AIM OF THE EXERCISE:
Return the material below exactly, but only from the line with "Adidas iniki negro y blanco" through the line with "Loose Straight Levi’s", and without its pictures.

═══ RECORDED DATA

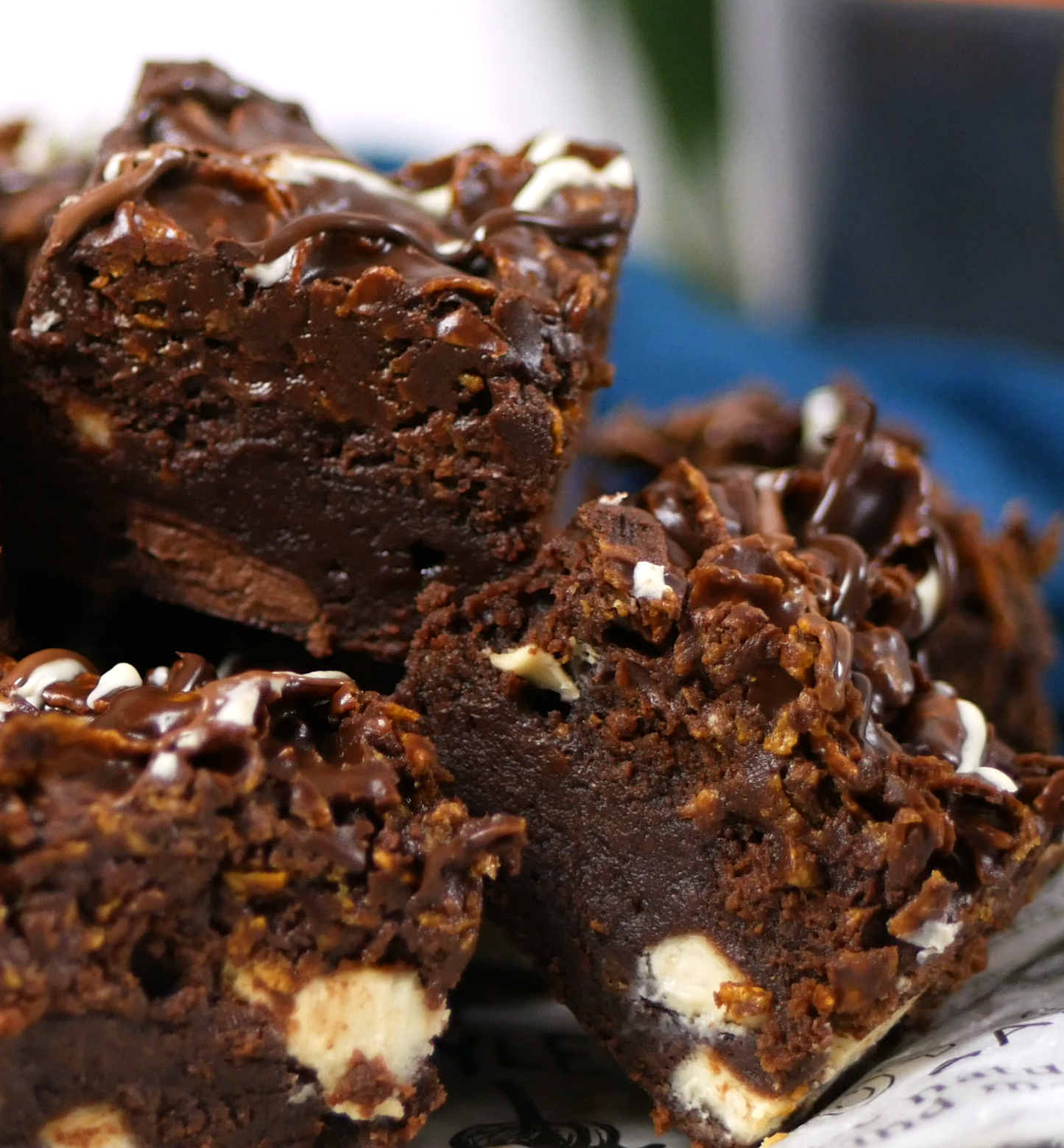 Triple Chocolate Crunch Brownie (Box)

══════
═══ RECORDED DATA

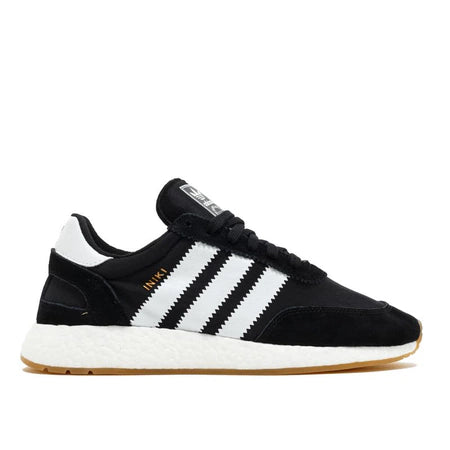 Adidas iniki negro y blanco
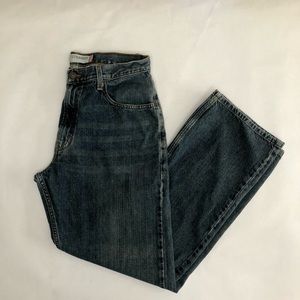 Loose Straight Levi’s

══════

WRITTEN REPLY:
 Adidas iniki negro y blanco
 Loose Straight Levi’s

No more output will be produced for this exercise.